Let's break down Perry's carrot consumption day by day.
- Day 1: Perry starts with 20 carrots.
- Day 2: He eats half of the 20 carrots, so he eats 10 and has \(20 - 10 = 10\) left.
- Day 3: He eats half of the 10 carrots, so he eats 5 and has \(10 - 5 = 5\) left.
- Day 4: He eats half of the 5 carrots, so he eats 2.5 (in practical terms, this means he might end up with 2 or 3, but we can use decimals for the formula) and has \(5 - 2.5 = 2.5\) left.
- Day 5: He eats half of 2.5, which is 1.25, and has \(2.5 - 1.25 = 1.25\) left.
- Continuing this process, we see that each day he eats half of what is remaining.
To express this mathematically, we can define a sequence where the number of carrots left on day \(n\) can be represented with the following formula:
- Let \(C(n)\) be the number of carrots left on day \(n\).
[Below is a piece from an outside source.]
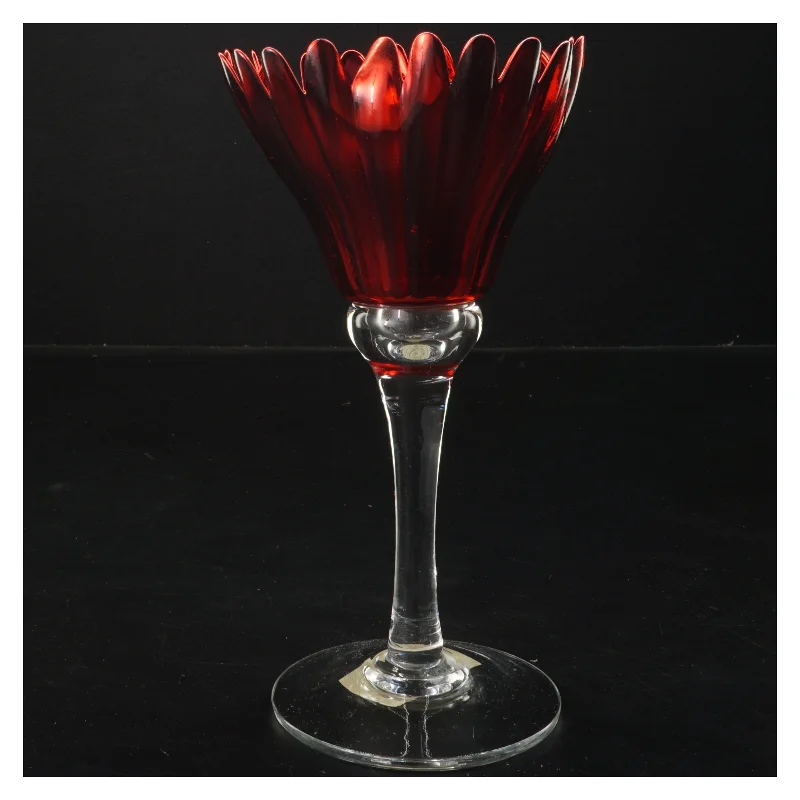 Rød glaslysestage fra Krifon (str. 11x20 cm)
- The initial count on day 1 (when \( n = 1 \)) is \(C(1) = 20\).
- Each subsequent day, the number of carrots left is half of what was left the previous day: \[ C(n) = \frac{C(n-1)}{2} \]
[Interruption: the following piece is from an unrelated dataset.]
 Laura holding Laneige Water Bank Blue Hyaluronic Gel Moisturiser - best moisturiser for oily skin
Using this recursive definition, we can express the number of carrots on any given day \(n\): \[ C(n) = 20 \times \left(\frac{1}{2}\right)^{n-1} \]
This formula shows that the number of carrots left on day \(n\) is equal to the initial number of carrots (20) multiplied by \(\frac{1}{2}\) raised to the power of \(n-1\).
Thus, the complete sequence formula describing the number of carrots Perry will have on any given day \(n\) is: \[ C(n) = 20 \times \left(\frac{1}{2}\right)^{n-1} \]